Liang Kun assentiu repetidas vezes:
— Graças a você, só com os fliperamas eu tiro dois a três milhões por mês.
— Em breve vou comprar uma casa grande.
Lin Feng zombou:
— Entre nós dois, não precisa falar disso.
Liang Kun deu um forte tapa no ombro de Lin Feng:
— Somos irmãos para a vida toda, não há formalidades entre nós.
— Quando juntar dinheiro suficiente, vou comprar uma mansão no Pico Vitória.
— E colocar minha mãe para viver lá.
Lin Feng, de cabeça torta, perguntou:
— Falta dinheiro?
Liang Kun suspirou:
— Tenho o dinheiro, mas lavar ele leva tempo.
Lin Feng perguntou:
— Quanto falta?
Liang Kun respondeu casualmente:
— Quinze milhões.
Lin Feng quase se engasgou:
— Quer dizer que não tem nem metade do dinheiro limpo?

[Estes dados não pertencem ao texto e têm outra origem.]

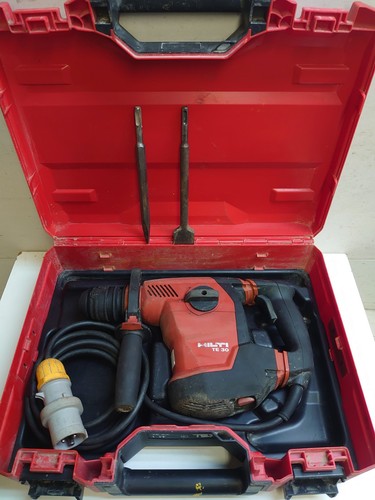 Hilti te30 sds - rotary, hammer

— Onde está o seu dinheiro?
Liang Kun suspirou:
— Acabei de emprestar para Jiang Sheng.
— Jiang Tianyang tem um grande negócio na Tailândia e precisa de dinheiro limpo.

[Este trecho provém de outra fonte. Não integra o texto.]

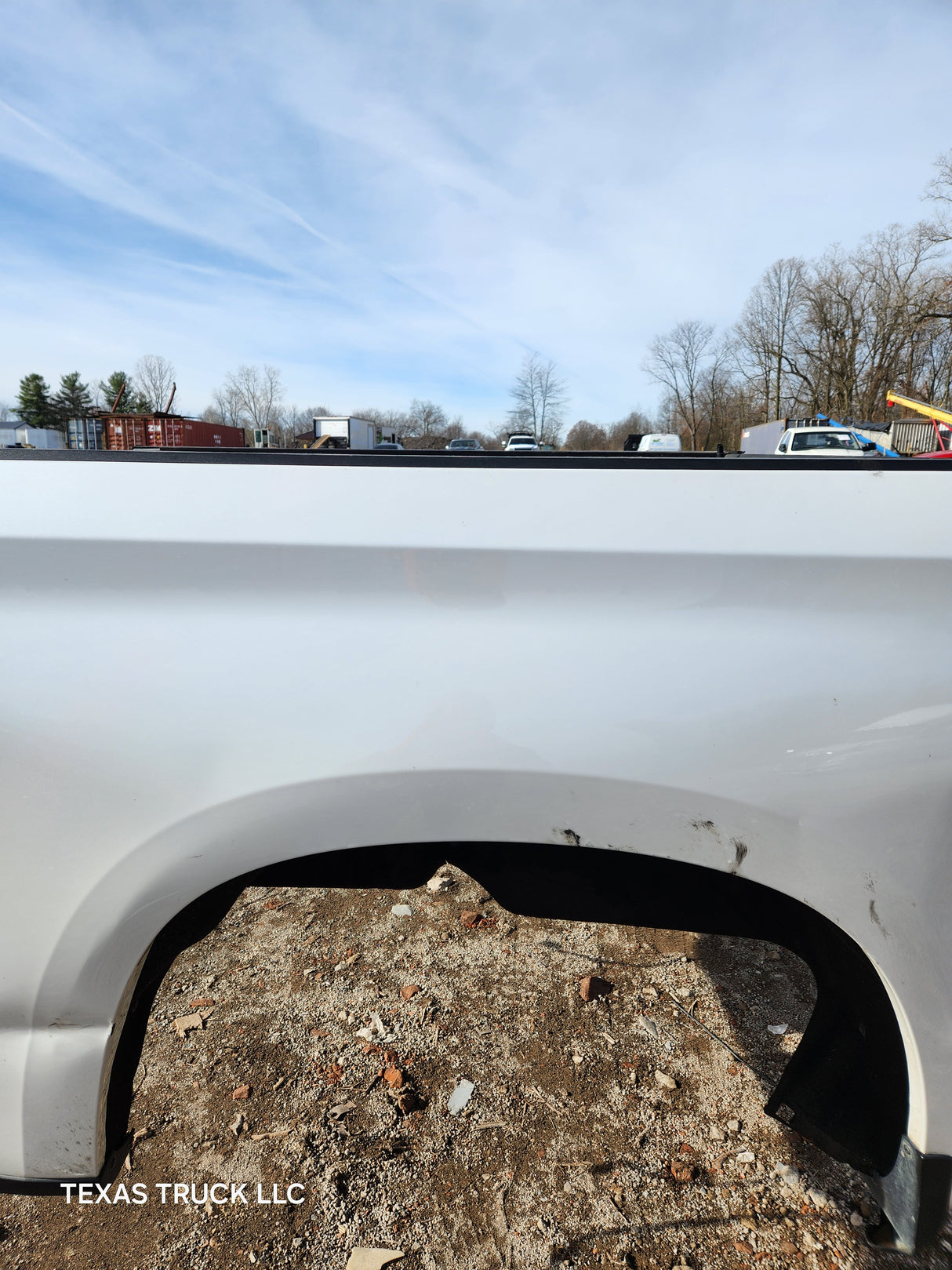 2019-2024 Chevrolet Silverado 1500 5'9" Short Truck Bed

— Jiang Sheng pediu para eu emprestar um pouco.
Lin Feng pensou e riu balançando a cabeça:
— Jiang Sheng está te dando um aviso.
Liang Kun deu de ombros:
— Eu sei, mas, de qualquer forma, já deixei clara minha posição.
Jiang Tianyang estava testando, para ver se Liang Kun era mesmo leal.
O resultado ficou claro.
Lin Feng pegou o talão de cheques, assinou um cheque de vinte milhões e entregou a Liang Kun:
— Vá logo comprar sua casa grande.
— Sua mãe merece aproveitar a vida.
— E trate de me arranjar uma cunhada, senão sua família acaba.

Liang Kun exclamou:
— Dar tanto dinheiro não vai prejudicar a empresa?
Lin Feng fingiu desdém:
— Isso não é dinheiro da empresa; sem querer, esvaziei o prêmio da loteria.

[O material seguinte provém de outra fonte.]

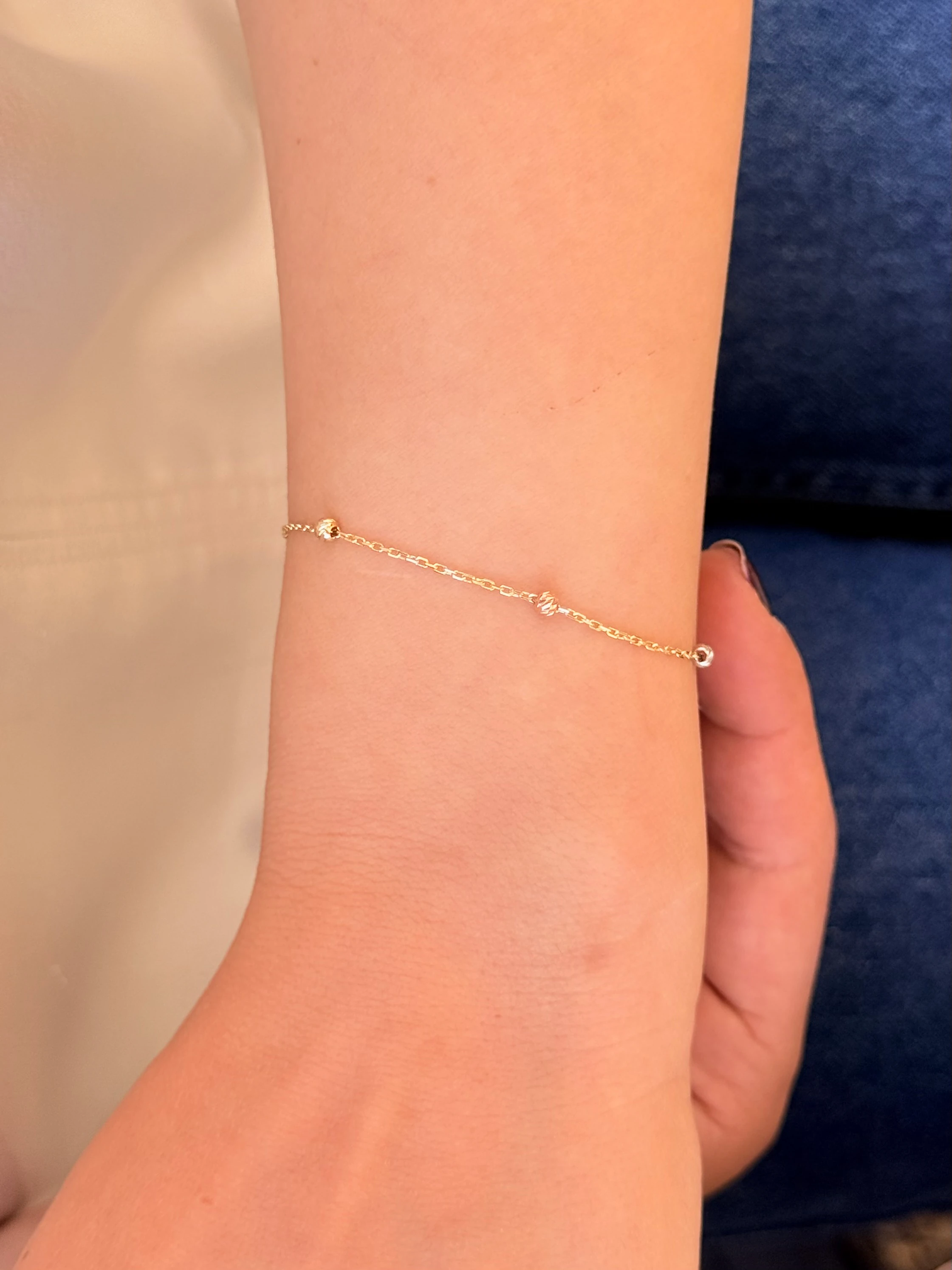 Karina Altın Bileklik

O coração de Liang Kun doeu, mas sabendo que Lin Feng estava se gabando, não resistiu e perguntou:
— Quanto?
Lin Feng deu de ombros:
— Um pouco mais de cem milhões, pouco!
Liang Kun caiu de costas:
— Como fui ingênuo!
— Sempre pensa em mim quando tem coisa boa.
— E eu ainda recusei.
Lin Feng disse a Li Fu:
— Troque logo sua loteria, deve dar uns dez milhões.
Li Fu sorriu:
— Obrigado, irmão Feng, vou agora mesmo.
Liang Kun, exausto, deitou no sofá e fingiu-se de morto — até Li Fu tinha mais de dez milhões!
Lin Feng, curioso, perguntou:
— Mas seu fluxo de caixa é grande, como não consegue levantar quinze milhões?
Liang Kun respondeu preguiçosamente:
— Tudo dinheiro sujo, não dá para passar por auditoria.
— Para lavar precisa de tempo, e os caras que fazem isso cobram quarenta por cento.
— De dez milhões, só seis entram limpos.
— São mais ladrões que os próprios marginais.
Lin Feng se espantou:
— Ficou maluco? Aceita esse preço?
Liang Kun se esforçou para guardar o cheque com cuidado e respondeu:
— E o que eu faço?
— Acha que fui enganado?
— Perguntei, e esse é o valor do mercado em toda Hong Kong.
Lin Feng suspirou profundamente:
— Eu digo que você é tolo e você não acredita.
— Leia mais livros, lavar dinheiro não é tão complicado.
— Deixe sua produtora comigo, cobro só quinze por cento.
Liang Kun estremeceu:
— Você sabe lavar dinheiro?
Lin Feng assentiu:
— Sei sim!
Liang Kun quase enlouqueceu:
— Por que não falou antes?
Lin Feng, intrigado:
— Você nunca perguntou!
Liang Kun ficou atônito, paralisado por um bom tempo, depois começou a gesticular e gritar:
— Ah, ah, como sou tolo, de verdade!